Who else ? Juan Borgia, premier fils de Rodrigo, promis à une carrière militaire. Vanozza Catanei, mère des enfants Borgia un peu mise au placard (parallèle fastoche avec Catherine d'Aragon, dans les Tudors). Giulia Farnese, la nouvelle maîtresse en titre du souverain pontife. Michelotto Coreglia, mercenaire, tueur à gage, à identités multiples, roi de la corde pisane (étranglement à la corde de violon). Mais aussi, pour les plus férus d'histoire, Savonarole (le prédicateur millénariste qui plongea Florence dans la peur après la mort de Laurent le Magnifique) et Charles VIII, roi de France qui est interprété par ... Michel Muller. So pas sexy du tout.
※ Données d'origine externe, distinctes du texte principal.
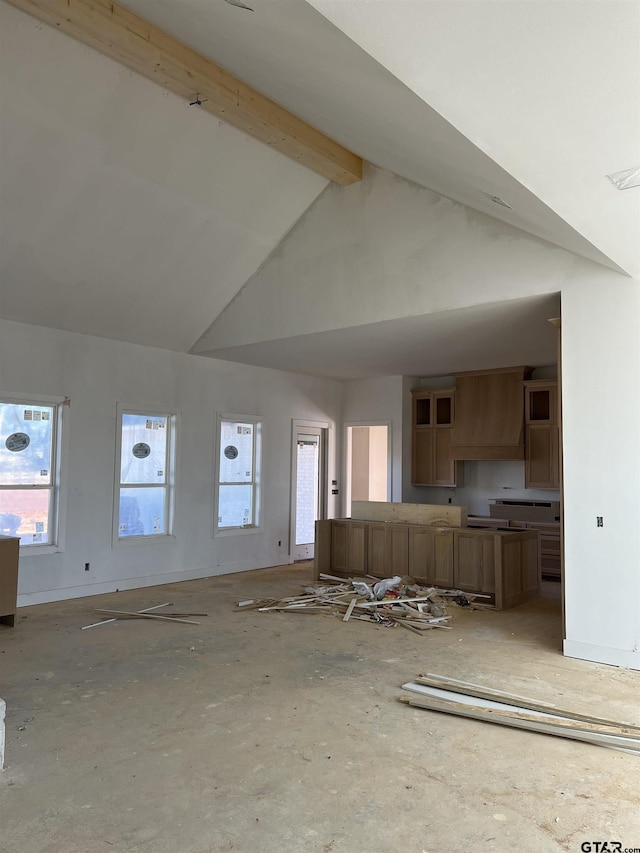 unfurnished living room featuring beamed ceiling and high vaulted ceiling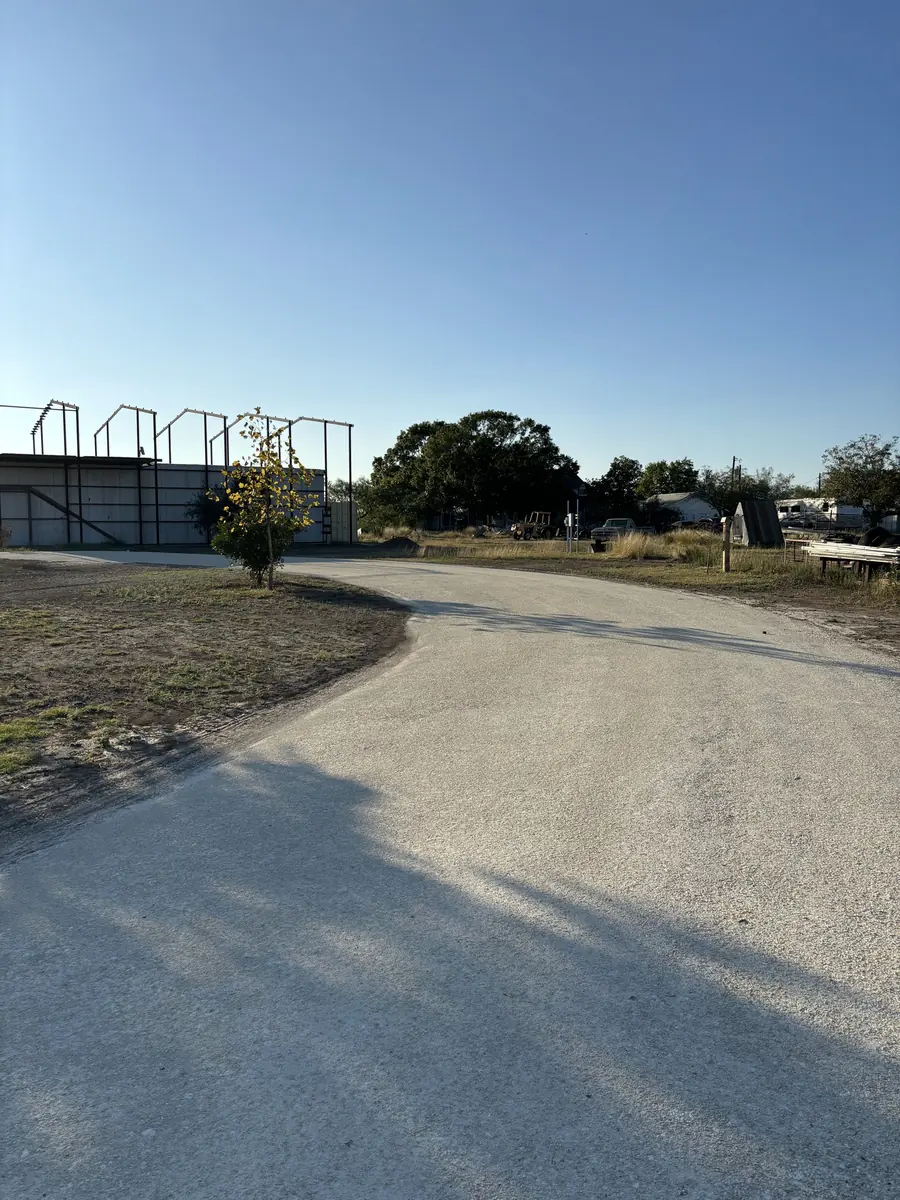 Pale gravel drive curving past a steel building frame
Et sinon, ça vaut le coup ? C'est assez plaisant. Le fan des Tudors s'y retrouvera, mais sans l'engouement de la découverte. Le générique est un peu plat, ça manque de panache. La bande son est bourrée de chants grégoriens au point que bon, on aimerait bien qu'ils se taisent, par moment. Il manque une figure masculine tutélaire, un beau mec qui les ferait toutes chavirer avec son sourire craquant et sa droiture morale (no offence, Cesare). Et une destinée supérieure qui serait un peu comme l'amour-pur-dans-les-Tudors, et autre chose que le pouvoir et l'argent. Toutefois, si, à l'instar des Tudors, qui s'étaient arrêtés à la mort d'Henri VIII sans faire sa succession (pourtant toute aussi palpitante), les Borgias s'arrêtent à la fin d'Alexandre VI, on va manquer le meilleur : la vie exaltée de Cesare. A suivre, donc.